Well only the best for Daisy ... 

Honey has pink and Picnic has purple .. but not posh ones like Daisy yet.... 

Oakley is green .. my favourite colour  it had to be green ..


----------



## Mogdog (Feb 6, 2011)

Daisy will look fab. 

I've heard these rolled collours are good for coats prone to matting ... maybe I'll order for Xmas! Quite like royal blue for Bess and black for Maisie ... same colour as their leads. Too expensive to get the leads as well I'm afraid.


----------



## ali-s.j. (Jun 6, 2011)

Ooh, I think Izzy will need one of those, and it will be Pink! Let me know how the dye is - poor Phoebe has a pink stained tuxedo as she can't keep away from water and her pink collar was a cheapie, so I'll have to buy her one too


----------



## Sezra (May 20, 2011)

ali-s.j. said:


> Ooh, I think Izzy will need one of those, and it will be Pink! Let me know how the dye is - poor Phoebe has a pink stained tuxedo as she can't keep away from water and her pink collar was a cheapie, so I'll have to buy her one too


I will let you know what it is like complete with a picture of course!  There was a section on the order from where you could say of your dog had a light coat or not, maybe it is treated differently?

I couldn't justify the lead as apart from making it a REALLY expensive purchase we already have a long line, a retractable lead, a brown rolled leather one bought with her first rolled leather collar which was too small (and will be going on ebay!) and a nice patterned red one. I don't need anymore leads!  :behindsofa:

Hope I didn't really sound snobby!


----------



## ali-s.j. (Jun 6, 2011)

Certainly not!

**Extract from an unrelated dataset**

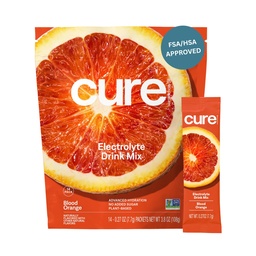 Cure Hydration - Electrolyte Drink Powder Blood Orange 14 Packets | Plant-Based Dehydration Relief Mix Made with Coconut Water, No Added Sugar, Vegan, Non-GMO, Gluten Free, FSA-HSA Eligible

Nothing but the best sounds perfectly reasonable to me


----------



## Sezra (May 20, 2011)

That's good!  

I am sure I could have found a more expensive one if I tried but it would have have sparkly things on it and there is no point having a bling collar if you are covered in matts!  It is not a good look for a Cockapoo Princess :whatever:!


----------



## Jedicrazy (Apr 26, 2011)

I like those rolled collars and I'm putting a red one on Obi's xmas list from Santa. If he was a girl I'd definitely be getting pink!


----------